**Activity:**
Your answer must be only the lines below from the one containing "Dining room with" through the one containing "Young man dressed", copied exactly, with the pictures left out.

___ Given records ___

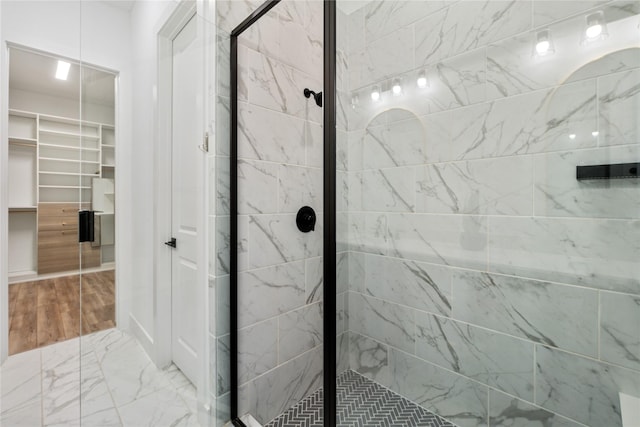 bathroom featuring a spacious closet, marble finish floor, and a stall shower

___
___ Given records ___

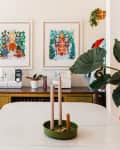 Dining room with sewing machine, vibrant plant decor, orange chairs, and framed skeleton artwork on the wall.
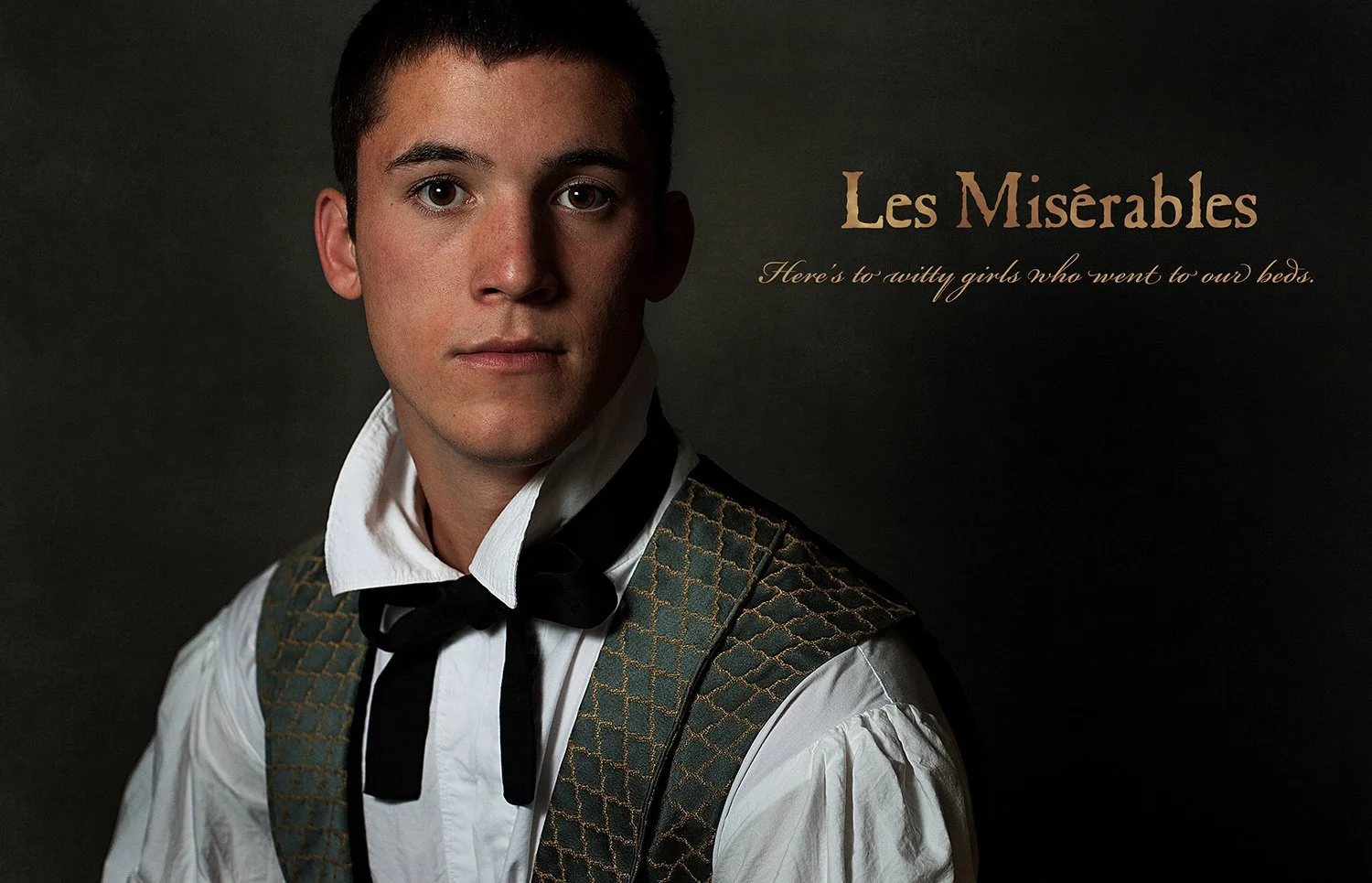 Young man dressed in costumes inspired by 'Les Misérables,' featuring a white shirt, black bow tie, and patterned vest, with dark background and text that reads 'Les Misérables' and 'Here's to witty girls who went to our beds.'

___
___ Given records ___

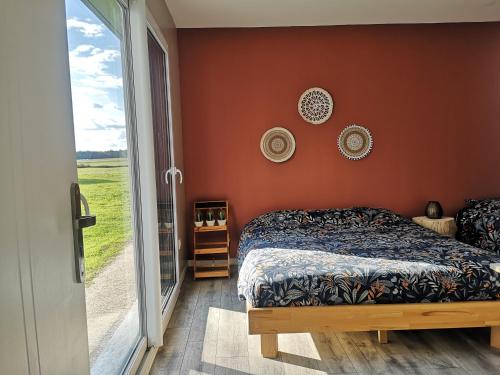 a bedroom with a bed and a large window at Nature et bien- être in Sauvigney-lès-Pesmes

___

**Finished exercise:**
 Dining room with sewing machine, vibrant plant decor, orange chairs, and framed skeleton artwork on the wall.
 Young man dressed in costumes inspired by 'Les Misérables,' featuring a white shirt, black bow tie, and patterned vest, with dark background and text that reads 'Les Misérables' and 'Here's to witty girls who went to our beds.'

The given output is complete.